The 19th century linguistic genius Rabbi Samson Raphael Hirsch straightens this out: he explains that each different appearance use of dror is ultimately about the same concept, namely “achieving the natural state” to which that person or object integrally belongs. Freedom as described on the bell, then, would seem to be the “default state” of mankind, a destiny if not a social debt.

Every ancient mystery needs a secret number — and ours is 50. The Pennsylvania Assembly ordered the bell in 1751 to commemorate the 50-year anniversary of William Penn’s 1701 Charter of Privileges. The liberty inscription was apt because the preceding biblical verse discusses the Jubilee year, a culmination of seven sets of seven years.

This Jubilee number, under-girded by the square of seven, is by no means “natural.” Unlike days, months or years, there is no corresponding astronomical marker for what we know as the week. The members of the Assembly no doubt understood the Jubilee to be a celebration of a covenantal relationship between man and that Creator who works in sevens.

Finally, a juicy generational conspiracy demands a dollop of the paranormal — and ours does not disappoint. Insightful as the Assembly may have been, could they have seen the future? Could they have known that on the other side of July 4, 1776 — exactly fifty years later, that jubilee would be consecrated by the return of John Adams and Thomas Jefferson to their own ultimate natural state? These great men had explicitly acknowledged that the first test of the Republic would be for it to endure fifty years. Both men lived to see that day, but not a day more. We arrive at a kind of temporal (bell-curved) palindrome. This Liberty Bell — inscribed with a verse that is a celebration of fifty — itself celebrates a past and future jubilee event. As Ben Franklin might have said, how weird is that?

FINE — WE HAVE BROKEN the code. But can we understand the message? Let me take a crack.

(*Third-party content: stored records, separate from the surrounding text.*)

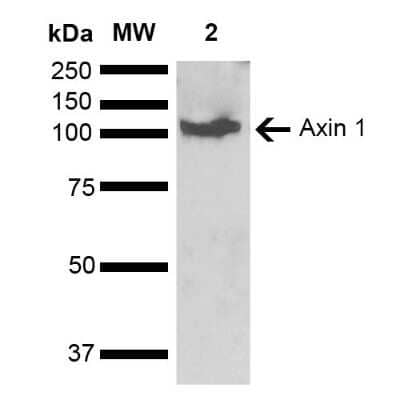 Western Blot: Axin-1 Antibody [NBP3-18242]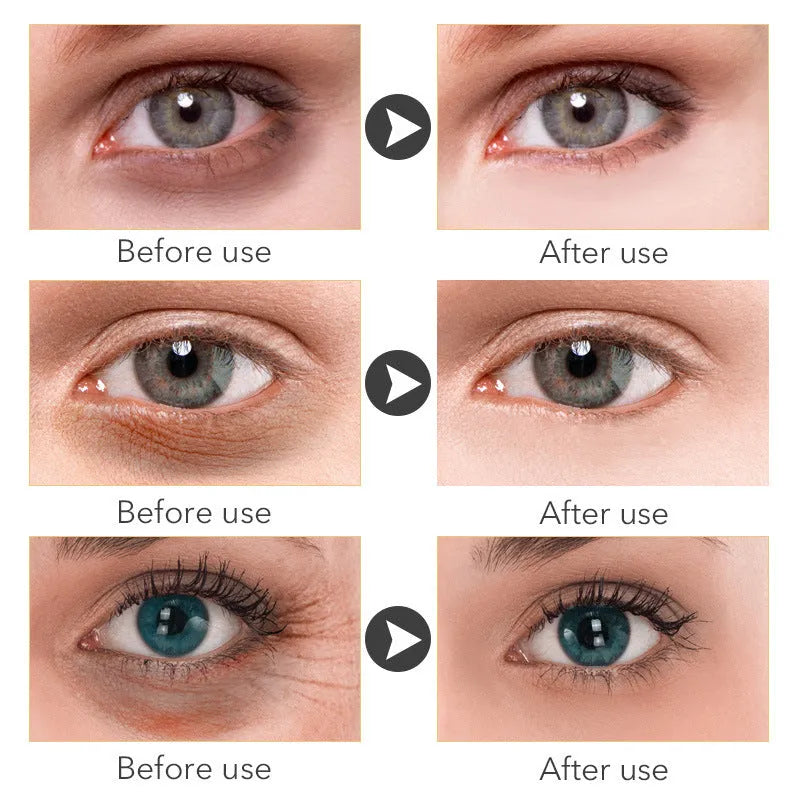 30ml beauty eye cream pot for women's facial skin care routine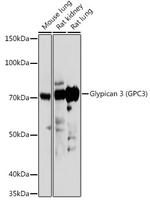 Glypican 3 Antibody in Western Blot (WB)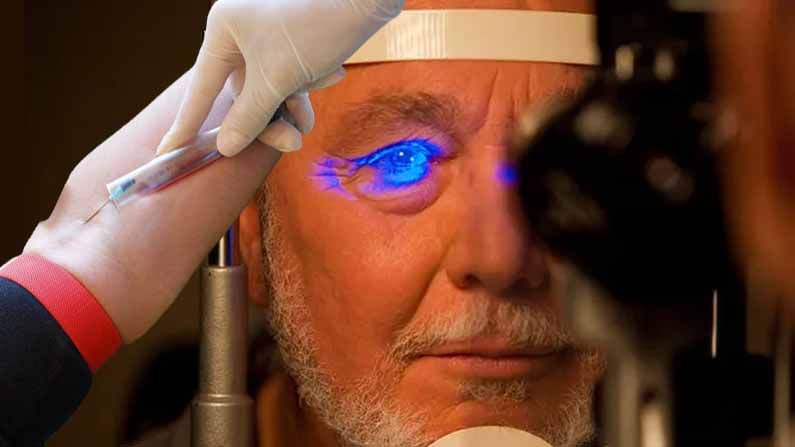 Glaucoma tests: గ్లకోమా కంటి వ్యాధిని జన్యు పరీక్షలతో గుర్తించే సులువైన మార్గం కనిపెట్టిన పరిశోధకులు..ఇది ఎలా అంటే..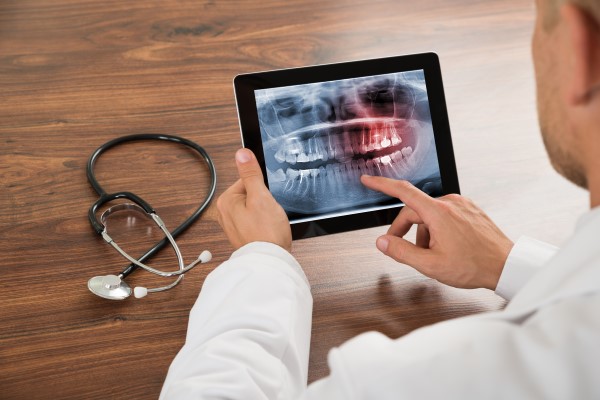 What Is An Oral Cancer Screening From A General Dentist
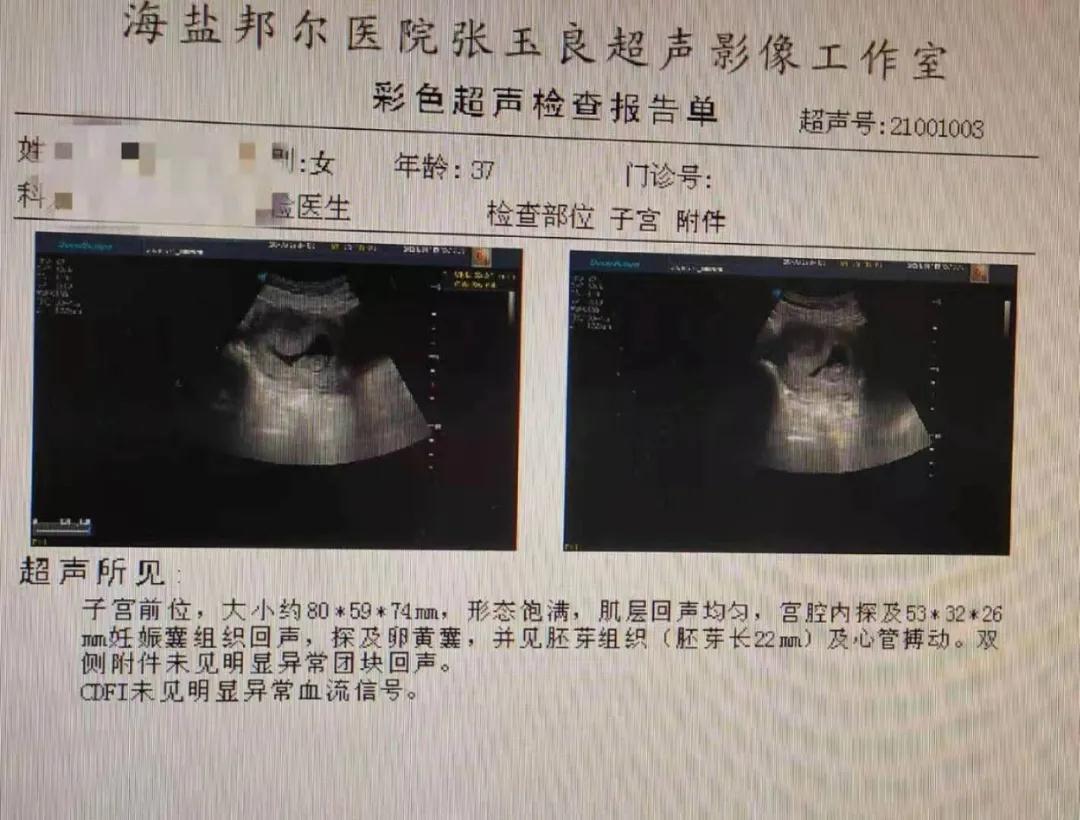 1615864202252093.jpg 微信圖片_20210316110830.jpg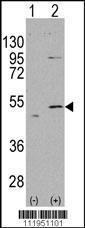 Anti-ALDH5A1 Rabbit Polyclonal Antibody (APC (Allophycocyanin))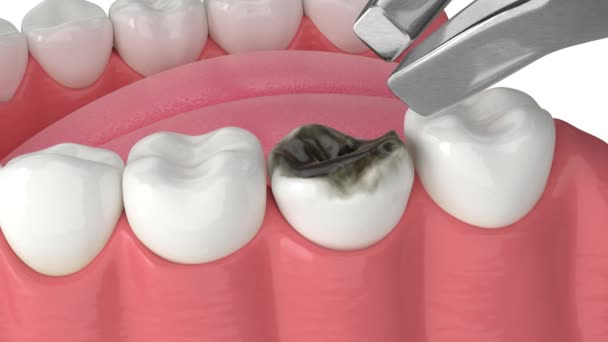 Enxertia Óssea Dentária Procedimento Aumento Ósseo — Vídeo de Stock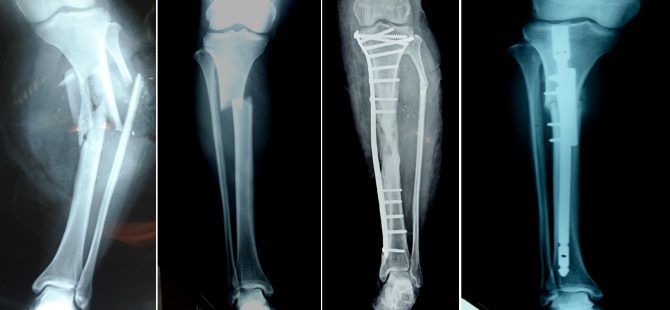 A 25yr old girl with open fracture of both legs treated successfully at MIOT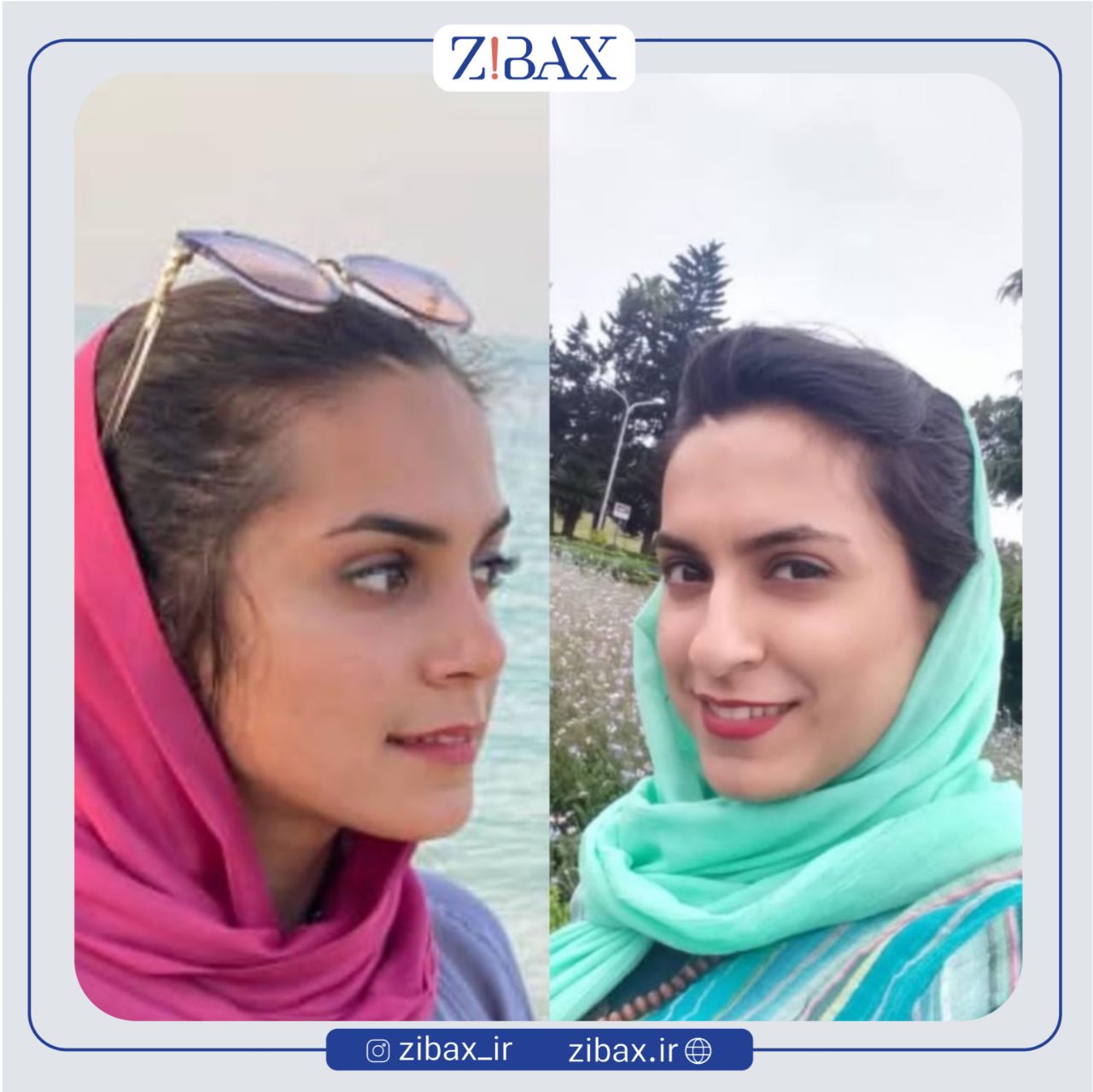 نمونه عمل جراحی بینی دکتر مرتضی جوادی — تصویر 6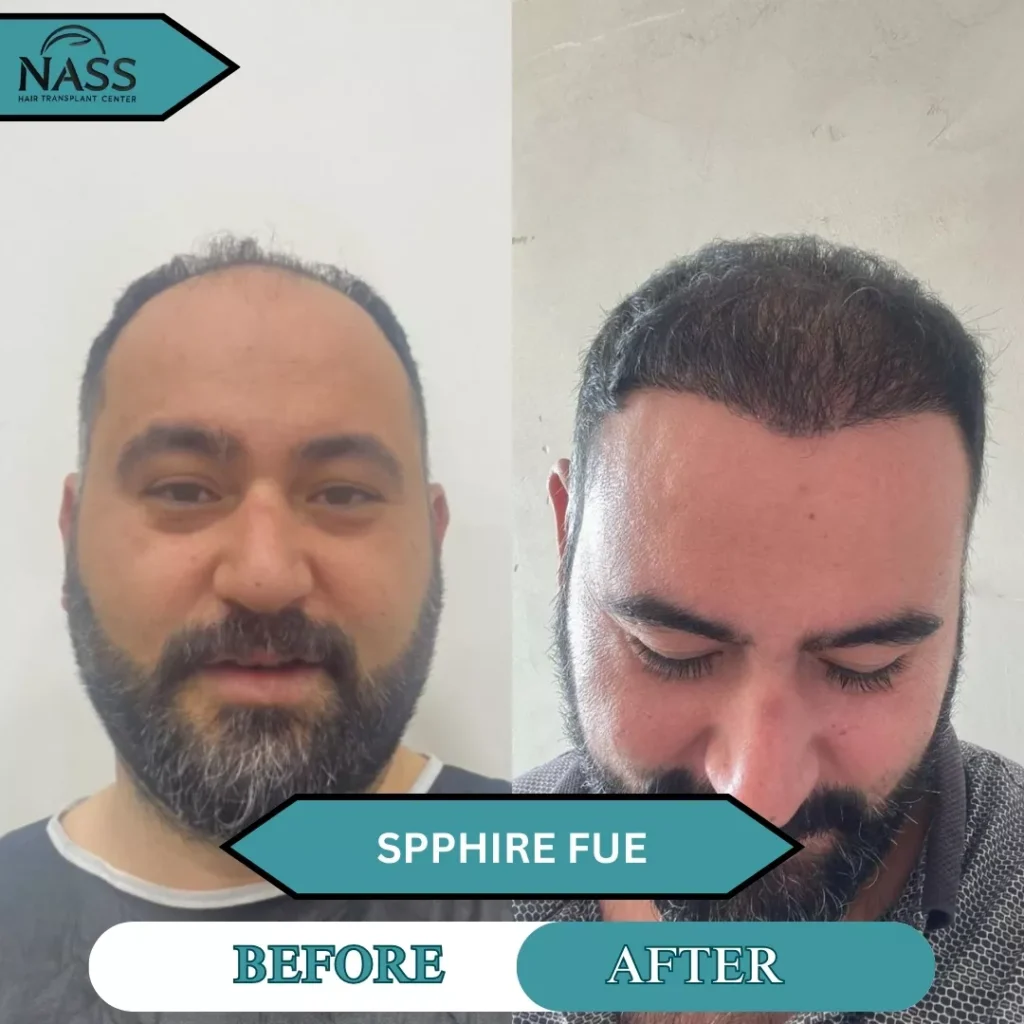 fue hair transplant turkey 3000 graft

The relationship between America and the Almighty was born in ambiguity and remains so. We are a country explicitly without a national religion, and yet our birth is soaked in religiosity. Our Founders, each integrating rationalist enlightenment philosophy into his own personal view of religion, often threw off mixed messages with enough sound bites for both sides to claim them as one of their own. This week’s split decision on the Ten Commandments is a perfect metaphor for our 239 years of irresolution.

Into our own fallen world, the bell remains. To our legacy of spiritual ambiguity, the bell functions like a pair of stereo-optic glasses, revealing clarity where the naked eye sees only fuzz. Liberty, it tells us, does not mean freedom from self-control. Neither does it mean freedom from social sanction. When Leviticus proclaims “dror” throughout the land and its inhabitants thereof, the bell is making the ultimate “natural” argument for human liberty — but there’s a catch. This “dror” is only as “natural” as the 49-year count that preceded it. In other words, the moral argument for freedom is based solely on a covenantal relationship with the Almighty. Thomas Jefferson famously wrote about men’s “unalienable rights” being “endowed by their Creator.” We do not need to hear the bell toll for it to remind us that there is no other way.